22/10/2021. Beaucoup d’études sont consacrées au centre galactique, région la plus dense de notre Galaxie qui abrite un trou noir supermassif en son cœur. La direction opposée, l’anticentre galactique, est aussi très intéressante car elle a de nombreuses particularités qui permettent d’étudier plus facilement les perturbations que notre Galaxie a subies au cours de son histoire. Dans cette direction, l’extinction interstellaire, due aux nuages de gaz et de poussière sur la ligne de visée, est beaucoup plus faible que vers le centre galactique. Cela permet d’observer des étoiles plus lointaines, appartenant non seulement au disque galactique mais aussi au halo et même à des populations stellaires extragalactiques accrétées par la Galaxie à différentes époques. De plus, à ces distances, plus de 8kpc du centre galactique, les effets de l’attraction gravitationnelle de la Galaxie elle-même sont plus faibles. En conséquence, toute perturbation ancienne de cette partie externe du disque venant de rencontres passées avec des systèmes stellaires extragalactiques aura entraîné des déformations plus importantes que dans le disque interne. En raison d’échelles de temps dynamiques plus longues, celles-ci devraient pouvoir être observées encore aujourd’hui.

Figure 1 : Vue d’ensemble de la Galaxie montrant la zone de l’anticentre, vue depuis le Système Solaire. © ESA/Hubble pour l’image d’une galaxie semblable à la nôtre ; ESA/Gaia/DPAC pour le dessin.

Les données astrométriques de Gaia EDR3, reposant sur 34 mois de données, sont nettement plus précises que celles de Gaia DR2 (reposant sur seulement 12 mois de données), et permettent d’explorer cette partie externe de notre Galaxie jusqu’à environ 17kpc du centre galactique.
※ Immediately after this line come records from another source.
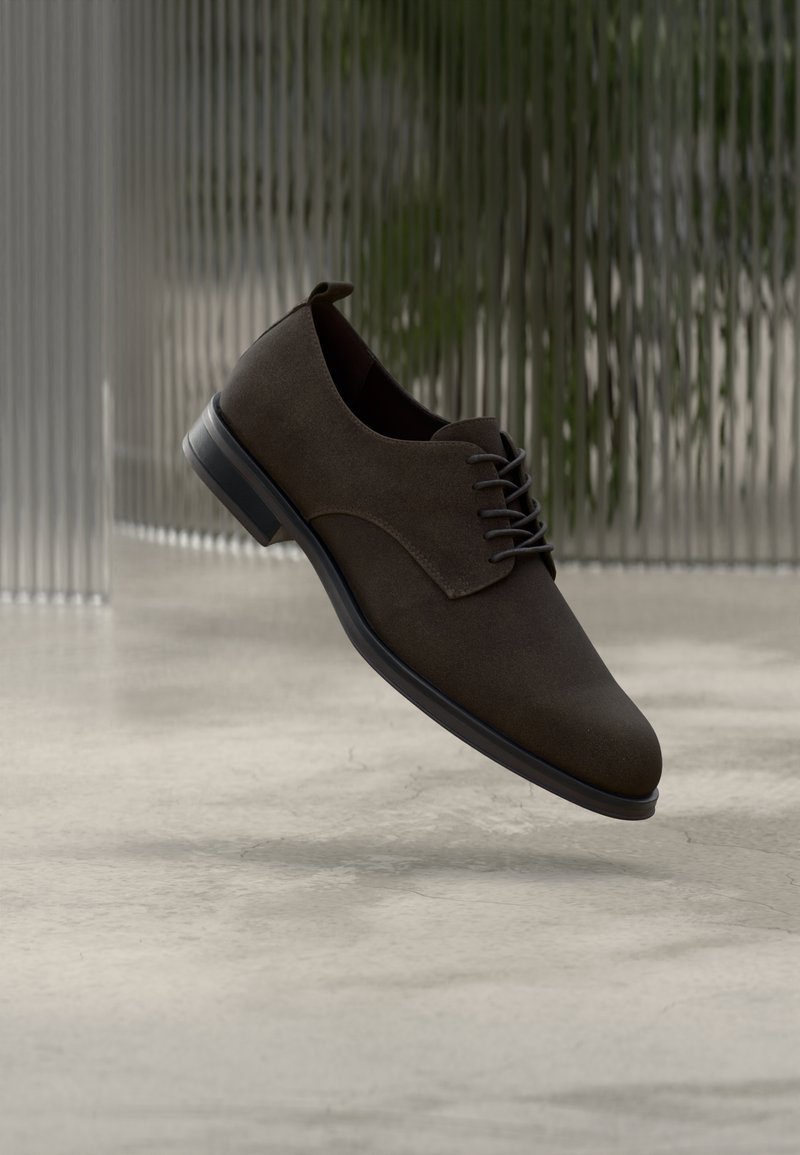 Καφέ οξφορντ παπούτσι από σουέντ με λεία υφή, στρογγυλεμένη μύτη και σχέδιο με κορδόνια. Διαθέτει μαύρη καουτσούκ σόλα και διακριτικό τακούνι.
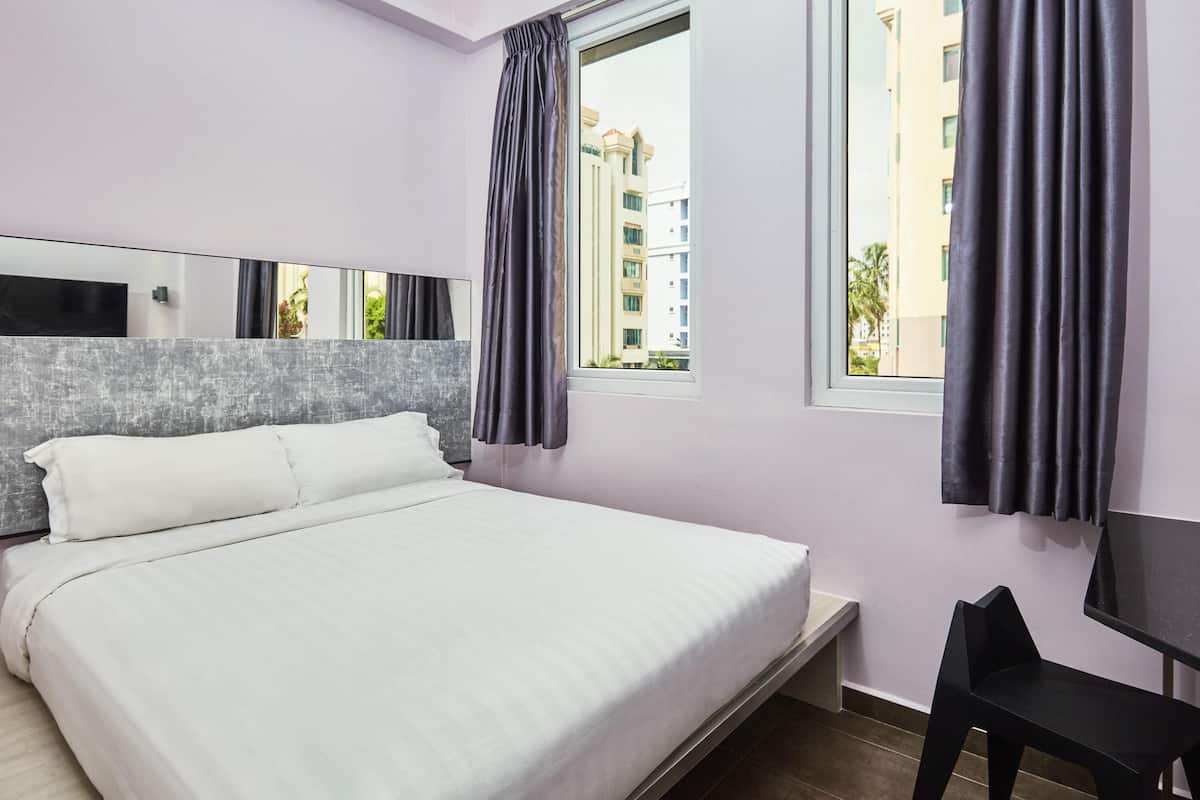 Ein modernes Hotelzimmer mit einem großen Bett, einem Schreibtisch und Blick auf Gebäude durch das Fenster.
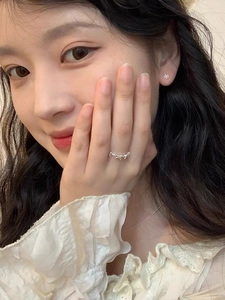 Close-up of 925 sterling silver sun flower earrings and bow ring worn by a model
Dans la direction de l’anticentre, quasi exactement radiale, la combinaison de la parallaxe trigonométrique et des deux composantes du mouvement propre donne directement les vitesses perpendiculaires au plan galactique (vitesses verticales) et les vitesses de rotation autour du centre galactique (vitesses azimutales).

Cette étude permet de distinguer les étoiles du proto-disque galactique tel qu’il était il y a environ 10 milliards d’années. Il n’atteignait des distances que d’environ 14kpc du centre de la Galaxie et aurait grandi au fil du temps pour atteindre sa taille actuelle. Par ailleurs, les débris de la galaxie naine Gaia-Enceladus-Sausage qui serait entrée en collision avec la Voie Lactée à peu près à la même époque atteignent des distances plus grandes que cet ancien disque, au-delà de 17kpc. Ces deux populations se distinguent par des séquences différentes dans le diagramme HR : la Figure 2 montre les étoiles de Gaia EDR3 et de vitesse tangentielle plus élevée que 150 kms-1. Ces deux séquences étaient d’ailleurs déjà visibles dans les données de Gaia DR2 pour des vitesses supérieures à 200kms-1. L’analyse cinématique de ces deux ensembles, illustrée par la Figure 3, montre que les étoiles à faible rotation (y compris celles qui sont rétrogrades) sont beaucoup plus nombreuses dans la séquence bleue que dans la séquence rouge et atteignent de plus grands rayons galactocentriques. La séquence bleue est dominée par des étoiles provenant de l’accrétion de Gaia-Enceladus-Sausage alors que la séquence rouge est essentiellement composée d’étoiles du disque de notre Galaxie.
 

Figure 2 (à gauche) : Diagramme HR d’étoiles de l’anticentre galactique à grandes vitesses tangentielles (Vt > 150 kms-1). Les étoiles étudiées ici sont concentrées en deux séquences, à gauche séquence bleue (essentiellement des étoiles accrétées), à droite séquence rouge (essentiellement des étoiles du disque de notre Galaxie). Elles sont séparées par une isochrone, ligne d’âge égal, ici 11 milliards d’années, d’après un modèle d’évolution stellaire.
Figure 3 (à droite) : Distribution des vitesses des séquences bleue (à gauche) et rouge (à droite) en fonction de la distance au centre galactique. De haut en bas : étoiles plus proches que 11kpc, entre 11 et 14kpc, entre 14 et 17kpc. Vitesses verticales, Vb, en fonction des vitesses de rotation, VΦ, en kms-1.